Essa expressão foi repetida na Ata do Copom, emitida dia 11, passando a impressão de que o Banco Central não estava especialmente preocupado com a força da inflação. Logo no dia seguinte, no entanto, o presidente Alexandre Tombini abandonou a plumagem de pombo e assumiu a de falcão. Já não repetiu o discurso da parcimônia, mas passou a dizer que o Banco Central "fará o que for necessário para viabilizar um cenário de inflação mais benigno no período 2015-2016".
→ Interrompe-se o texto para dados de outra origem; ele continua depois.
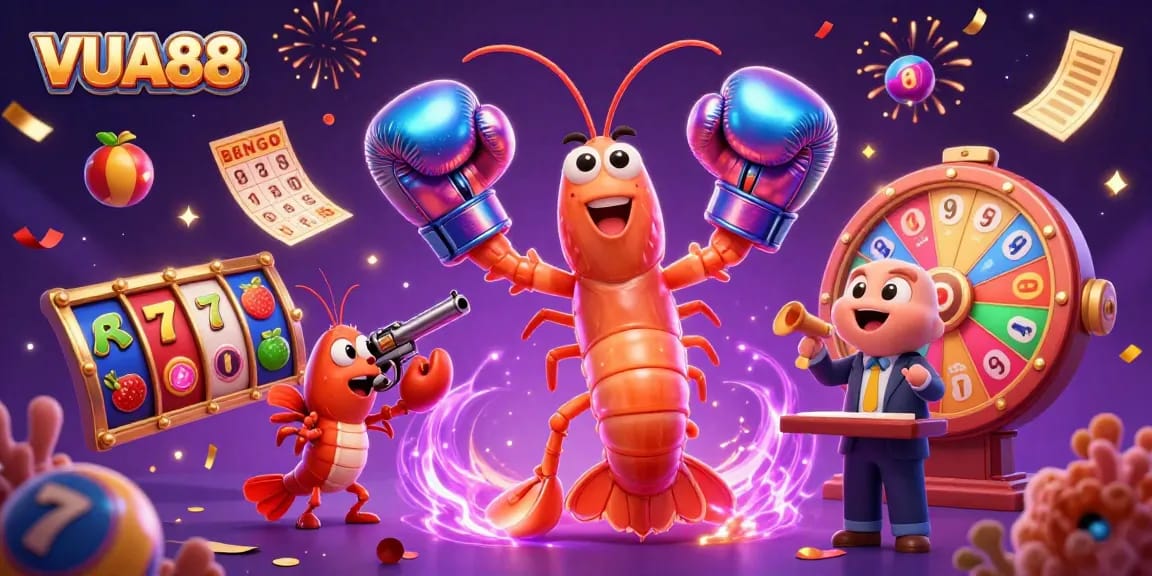 VUA88 showcases vibrant slot reels and lottery balls in a festive 3D casino celebration.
O Relatório de Inflação ontem divulgado ignora a partitura da parcimônia, como se ela tivesse perdido importância. E a substituiu pela nova: "O Comitê irá fazer o que for necessário para que no próximo ano a inflação entre em longo período de declínio, que levará à meta de 4,5% em 2016". Mas ficou por aí. Não explicou por que mudança tão rápida, sem que nada de novo a justificasse.
Outra incoerência tem a ver com o nível esperado dos investimentos nos próximos meses, componente importante da demanda e, portanto, da formação de preços. A Ata do Copom do dia 8 avisa no parágrafo 23 que "os investimentos tendem a ganhar impulso". Duas semanas depois, o Relatório de Inflação diz o contrário. Lá está dito que a Formação Bruta de Capital Fixo (FBCF), que é o nome técnico do investimento, deverá cair 1,8% nos próximos quatro trimestres (até setembro de 2015).
O Banco Central parece ter desistido de fazer a cabeça dos formadores de preços de maneira voluntarista, como tantas vezes tentou. Assumiu que o crescimento econômico (evolução do PIB) dos quatro trimestres terminados em setembro de 2015 não passará de 0,7%, franqueza que, em outros tempos, deixaria aborrecido o ministro Mantega, sempre mais propenso a dourar a pílula.
A mesma disposição a mais realismo deve ter acontecido também com as projeções do investimento. Mas esses solavancos na comunicação, sem maior preocupação com a confusão que podem semear, mostra que o Banco Central não conseguiu até agora quebrar a bolha em que parece inserido.
São inconsistências assim que prejudicam a capacidade do Banco Central de conduzir expectativas. Se errou e se foi confuso em questão de semanas, como pode garantir - e fazer-se acreditado - que em 2016 a inflação convergirá para o centro da meta?
O Banco Central cita três fatores que agirão nessa direção: as restrições monetárias (alta dos juros), a política fiscal (manejo das contas públicas) mais apertada e a redução aos subsídios dos juros. Mas não está claro se bastará esse coquetel supostamente light para enfrentar a forte recomposição dos preços administrados (especialmente da energia elétrica) e a disparada do dólar no câmbio interno que começará por provocar o inchaço dos preços dos importados.